Friday, October 24, 2014

My Log 446 Oct 23 2014: Two excellent films from opposite sides of the Separation Wall, reveal the twisted nature of Palestinian society under the probing of their Israeli conquerers

The brutal, convoluted, only partially human life that has been imposed on Palestinians by the Israeli


occupation of their homeland has been graphically illustrated in the two films, one Palestinian, one Israeli, which were nominated earlier this year for the best foreign language film at the Academy Awards.
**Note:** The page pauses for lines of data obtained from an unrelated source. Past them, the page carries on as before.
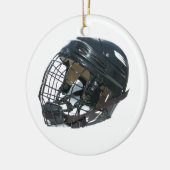 Hockey Helmet Keramisch Ornament (Links)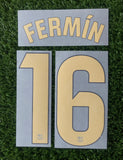2024-2025 FC Barcelona Home kit Name Number set Fermin Player Issue La Liga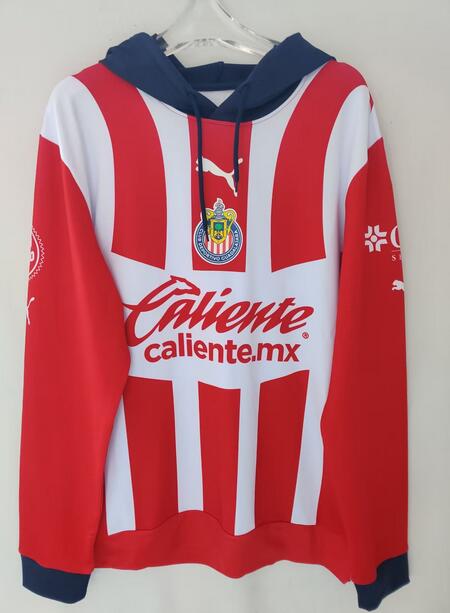 Chivas 2023/24 Red Hoodie Top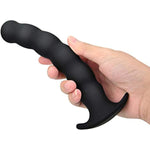 Anal Plug Silicone Anal Beads G-Spot Prostate Massager Black Dildo Thread Butt Plugs With Base Masturbation Adult Sex Toys For Men Women And Couples (Big)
I caught up with them this week, grace a Netflix.
The better of the two is Omar, directed, conceived and written by Hany Abu-Assad, an experienced Palestinian filmmaker, who has told of how he conceived the idea of the film in one night, wrote it in the following four days, and over a year managed to put together the two million dollars he needed for filming, 95 per cent of it from Palestinian investors.
On the surface this is a heart-breaking love story, but at a deeper level it is a story of the intrigues, lies, dissimulations and treacheries that have become the warp and woof of Palestinian life.  As is obvious to anyone who has watched from afar the agonizing and virtually ceaseless attacks on Palestinians, the Israelis have an incredible network of informers among their adversaries: otherwise how would they know which cars to attack, which houses, which cafes, when they make their many targeted assassinations?  One of the most chilling of the many horrendous sequences shown on TV during the recent onslaught on Gaza came when we were shown the exact spot at which multiple executions of informers had been carried out by Palestinian activists, leaving tell-tale splotches of blood on the cobblestones.
This system of intrigue is the subject of both the Palestinian film, Omar,  and Bethlehem, the Israeli version of a very similar story. The love story in the Palestinian film is between Omar, a good-looking, typically Arabic-looking boy, played with notable intensity by Adam Bakri, and Nadia, a fresh-faced, pretty little girl played fetchingly by Leem  Lubany. Omar is in the habit of scaling the Wall, the horrendous Israeli-erected barricade that separates the residents of the particular village the two principals live in, and fetching up outside her window to carry on his courtship in  time-honored fashion. He has to be careful, because the Israeli police are constantly cruising in their vehicles, and might catch him in the act, but also because Nadia has three brothers, the elder of whom, Tarek,  is a major freedom activist who is looking out for the welfare of his sister with an intensity that matches that of her prospective lover. Omar and Tarek are boyhood friends who, along with a third friend Amjad,  have been taking target practice with their rifle. Eventually they set themselves up to take out an Israeli policeman with a long-distance shot, which they do. They are hotly pursued, and Omar is arrested, tortured by an Israeli agent, played with intriguing attraction by Waleed Zuaiter, (an American-born Palestinian who helped raise money for the film) who releases Omar for a month on the promise that he will hunt for  Tarek, and help to turn him in. Of course, Omar has no intention of betraying his friends, but rather is plotting to turn the tables on the Israelis, a feat that proves to be rather beyond him.
Omar’s acquaintances in the Palestinian town begin to ask, how come he has been released so early? Is it possible that Omar is the traitor whom they know to lurk among them? This is the evil, this impossibility to trust anyone, that lies at the base of Palestinian life, according to this brilliant film. At the end of the month, when there is no sign of Tarek, the Israelis again chase and arrest Omar, again torture him, again, reluctantly (according to them) release him as a means of “giving him another chance.”
This time, the three boys are planning an ambush of the Israelis when they come to collect Tarek: but once again their plan goes wrong. Tarek is accidentally shot dead as the three quarrel over their relationship with Nadia and his body is  delivered to the Israelis. This earns Omar favor with the Israelis, but in the street  it deepens the doubts about Omar's loyalty to the cause.
Another scary aspect of the Palestinian life touched on in the film is that they know all about Omar and his visits to Nadia, and use that knowledge to drive a wedge between the friends. 
The film has a sensational denouement, not a happy one from Omar’s point of view, but one that the audience can sense has been forced on him by the events of his life, so much of which has been controlled by the knowledge gathered of the Palestinians and their daily lives by Israeli agents.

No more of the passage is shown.